> **REQUIREMENT**: Everything in the listing below should be written out again exactly, except the pictures.

** Opening RAW DATA block **

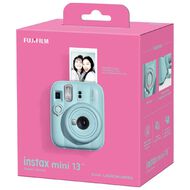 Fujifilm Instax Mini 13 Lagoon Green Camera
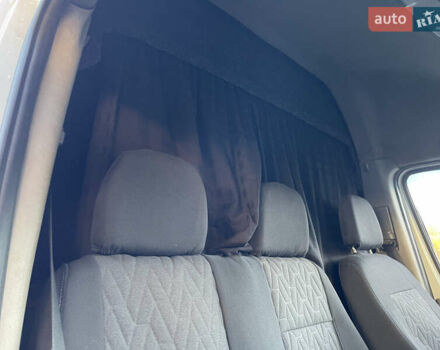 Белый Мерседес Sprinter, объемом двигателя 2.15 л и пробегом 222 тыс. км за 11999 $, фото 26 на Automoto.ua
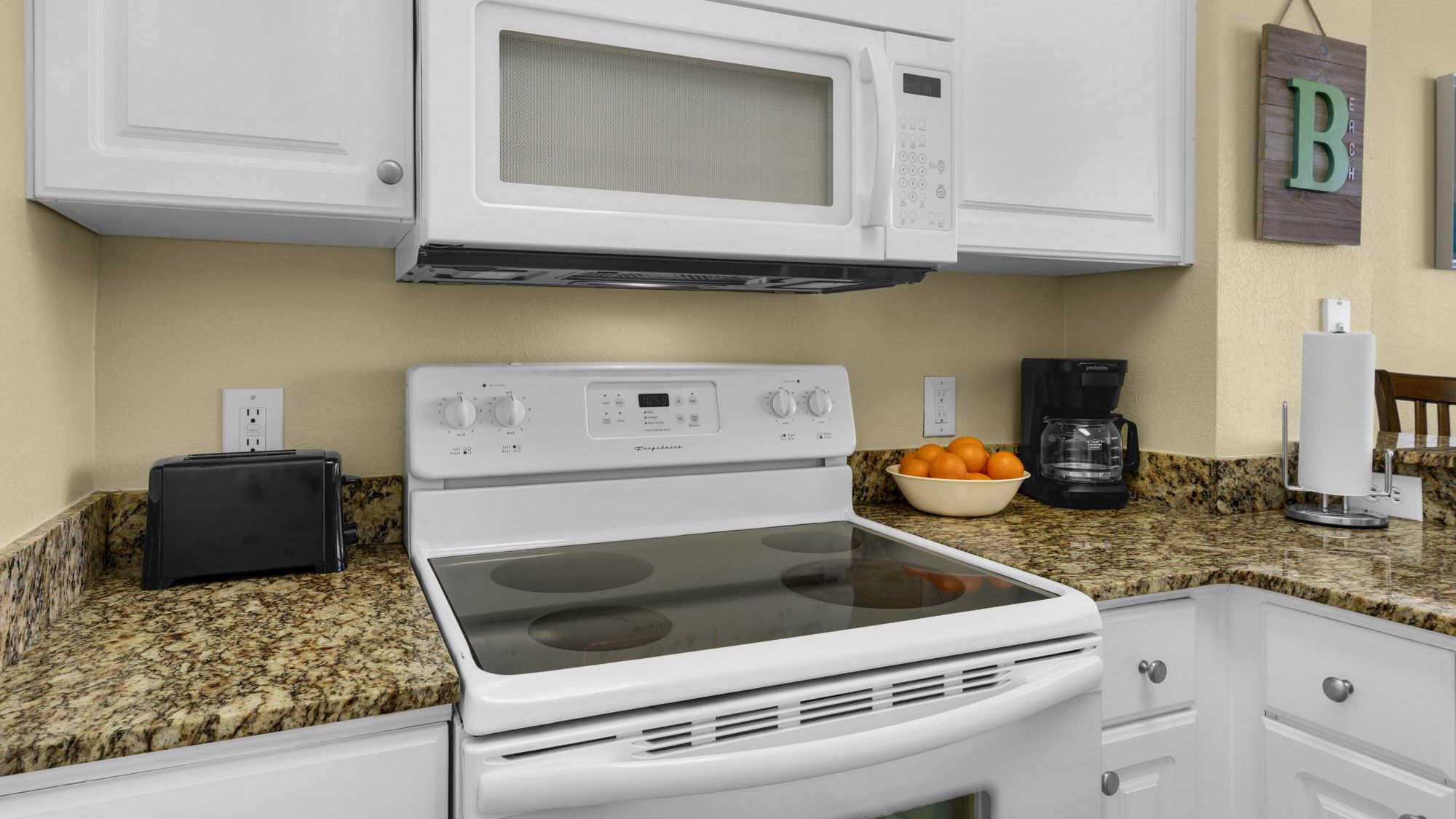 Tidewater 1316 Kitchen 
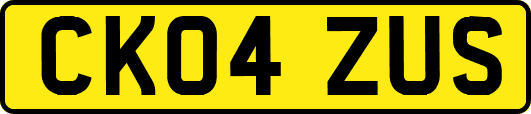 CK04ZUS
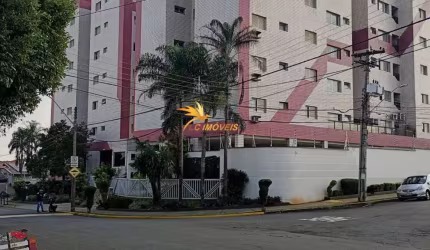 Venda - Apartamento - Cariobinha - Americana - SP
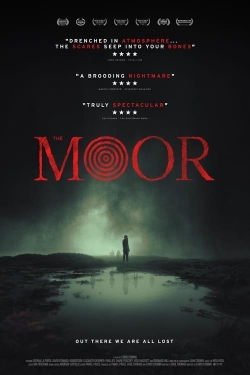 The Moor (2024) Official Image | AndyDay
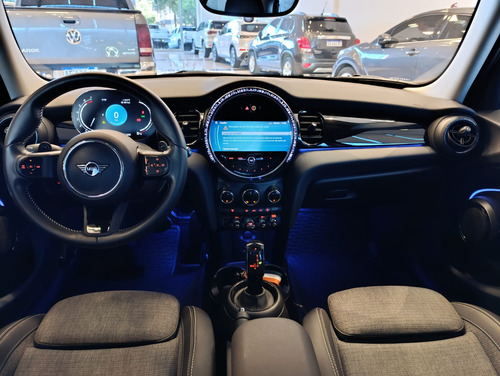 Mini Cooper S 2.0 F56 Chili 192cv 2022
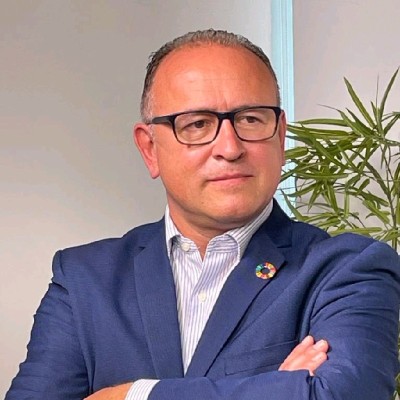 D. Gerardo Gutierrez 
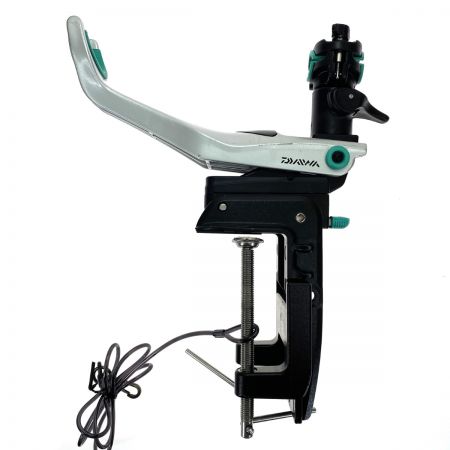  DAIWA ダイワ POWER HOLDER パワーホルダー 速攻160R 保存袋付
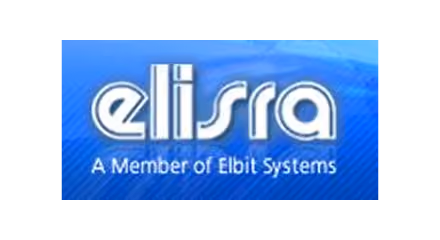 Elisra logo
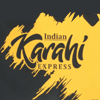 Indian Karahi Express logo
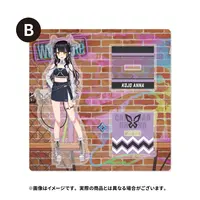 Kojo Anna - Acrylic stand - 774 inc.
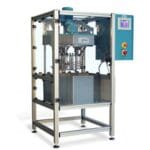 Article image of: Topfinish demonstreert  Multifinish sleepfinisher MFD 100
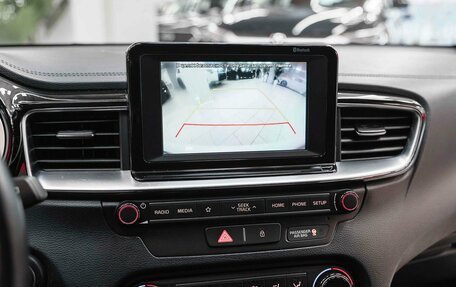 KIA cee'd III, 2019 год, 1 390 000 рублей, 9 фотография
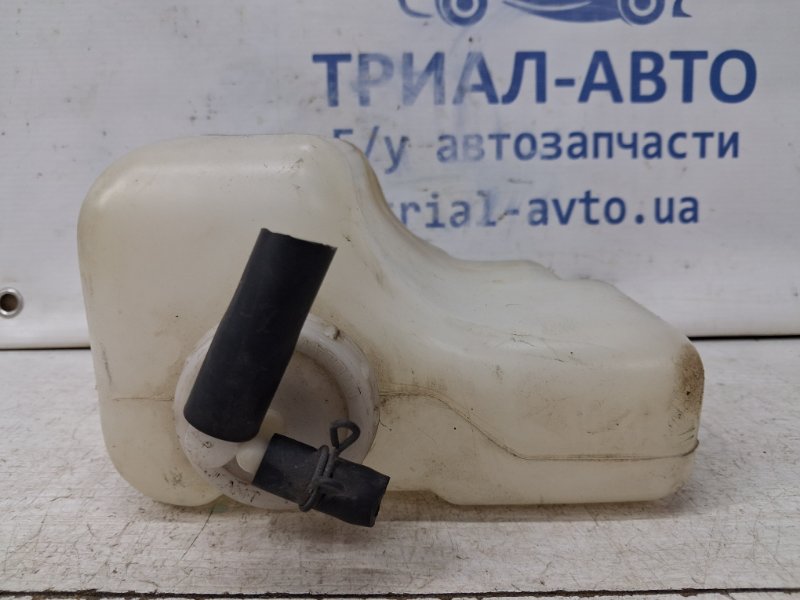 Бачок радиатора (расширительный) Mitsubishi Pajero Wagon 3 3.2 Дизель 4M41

** Closing RAW DATA block **

> **ANSWER TO THE EXERCISE**:
 Fujifilm Instax Mini 13 Lagoon Green Camera
 Белый Мерседес Sprinter, объемом двигателя 2.15 л и пробегом 222 тыс. км за 11999 $, фото 26 на Automoto.ua
 Tidewater 1316 Kitchen 
 CK04ZUS
 Venda - Apartamento - Cariobinha - Americana - SP
 The Moor (2024) Official Image | AndyDay
 Mini Cooper S 2.0 F56 Chili 192cv 2022
 D. Gerardo Gutierrez 
  DAIWA ダイワ POWER HOLDER パワーホルダー 速攻160R 保存袋付
 Elisra logo
 Indian Karahi Express logo
 Kojo Anna - Acrylic stand - 774 inc.
 Article image of: Topfinish demonstreert  Multifinish sleepfinisher MFD 100
 KIA cee'd III, 2019 год, 1 390 000 рублей, 9 фотография
 Бачок радиатора (расширительный) Mitsubishi Pajero Wagon 3 3.2 Дизель 4M41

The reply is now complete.